* Goal of the exercise: Images in the data are to be skipped, while every line is restated exactly as written.

* Data section:
- - -

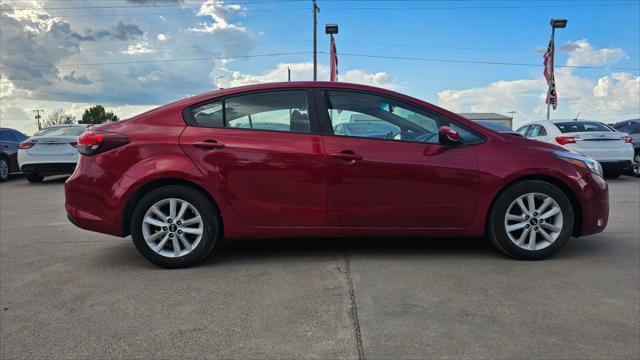 Kia Forte  2017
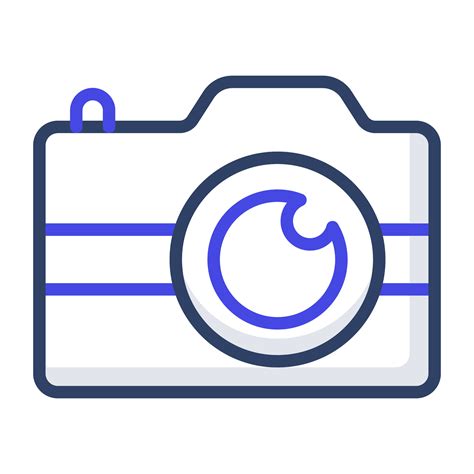 Camera Vector Outline 的图像结果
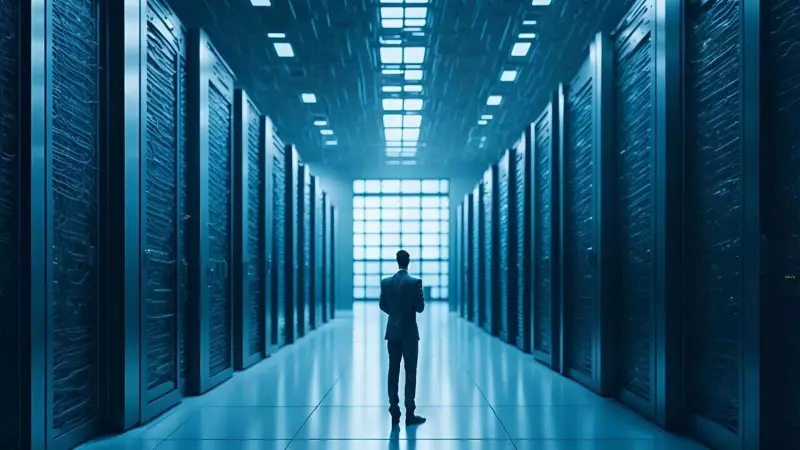 India's AI Boom Ignites Data Centre Revolution: Power & Cooling Stocks Soar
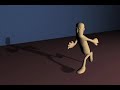 running test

- - -

* Answer to the problem:
 Kia Forte  2017
 Camera Vector Outline 的图像结果
 India's AI Boom Ignites Data Centre Revolution: Power & Cooling Stocks Soar
 running test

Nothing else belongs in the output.